Reasons for not taking IFA tablets include a lack of supply, not feeling they were necessary (at times specifically because the woman felt healthy), normative responses, a lack of information, and a fear of the side effects.
Reason | n |
---|---|
ancreg | |
I believe in the importance of the registration | 294 |
Came to know about pregnancy after 3 months | 152 |
Doctor/nurse/asha delayed/refused | 149 |
I did the same in the previous delivery | 136 |
Other | 127 |
Everybody does in the family | 113 |
I didn’t know about registration | 99 |
hidep | |
Donìt feel necessary | 438 |
Feel shy to disclose the pregnancy | 263 |
I did the same in the previous delivery | 234 |
Everybody does in the family | 205 |
Neighbors/relatives also do | 164 |
To save the child from evil eye | 137 |
Came to know about pregnancy after 3 months | 132 |
ifa | |
I donìt believe in the importance of consuming ifa | 483 |
Side effects(burning sensation, giddness, loose motions | 301 |
Did the same in the previous delivery | 295 |
Ifa tablets/syrup were not available | 219 |
Nobody does in the family | 162 |
Did not need as i was healthy | 154 |
Did not know about ifa tablets | 126 |
In contrast, Table (12.3) gives the reasons stated by women who did the recommended behavior in each case (meaning they did early ANC registration, took full IFA tablets, or revealed their pregnancy in the first three months). We see lots of awareness for the benefits of each action, some normative responses, and a desire to receive the services.
Reason | n |
---|---|
ancreg | |
I believe in the importance of the registration | 598 |
To avail anc services | 425 |
Everybody does in the family | 391 |
I did the same in the previous delivery | 344 |
Neighbors/relatives also do | 313 |
To ensure health of the child in the womb | 198 |
To avail govt. Schemes | 153 |
hidep | |
I believe the importance of early revelation | 153 |
I did the same in the previous delivery | 108 |
Everybody does in the family | 104 |
Neighbors/relatives also do | 71 |
To avail anc services | 24 |
Others | 19 |
Reduces pregnancy related complications | 19 |
ifa | |
I believe in the importance of consuming ifa | 399 |
To increase blood level in the body | 297 |
To ensure health of the child in the womb | 260 |
Did the same in the previous delivery | 201 |
Everybody does in the family | 186 |
Reduces risk of pregnancy related illnesses/complications | 181 |
Neighbors/relatives also do | 149 |
In order to remove the barrier of a concealed pregnancy, the ASHA either needs a way for Mothers to contact her discretely, which also would probably require an established and trusting relationship beforehand. As we saw in the ritual narrative (Chapter 11), there is not a lot of contact with the outside world early in the pregnancy, and the months leading up to that pregnancy may also be somewhat secluded if the woman is in a new household and village. Thus, ways to establish a relationship with a woman’s new ASHA could be explored.

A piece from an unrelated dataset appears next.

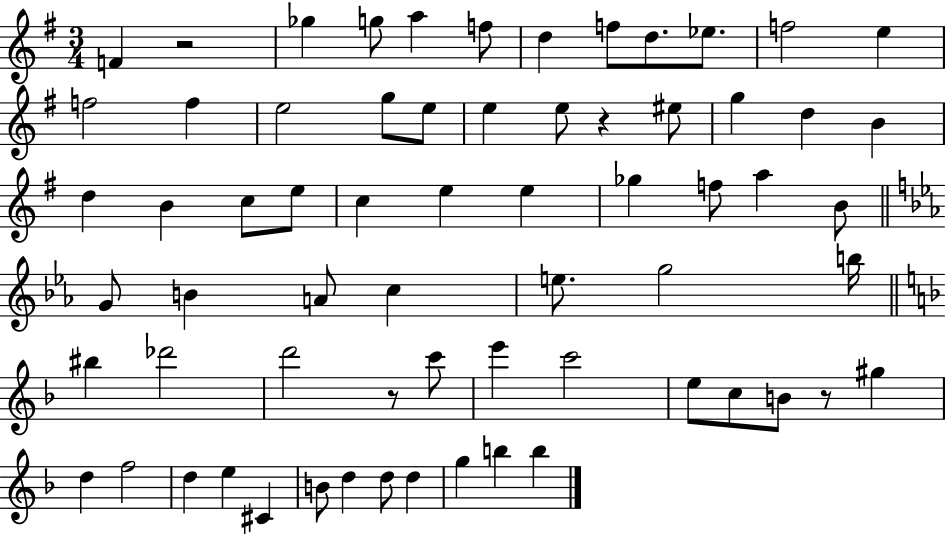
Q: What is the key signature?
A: G major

The women taking IFA seem to associate it fairly commonly with the health of their developing child. Increasing awareness of this could be a useful messaging strategy, as women who do not take often feel that they needn’t do so if they feel healthy.
These three behaviors are connected and any intervention concerned with only one of them would likely not be successful as one aware of the connections to and dynamics surrounding the other two.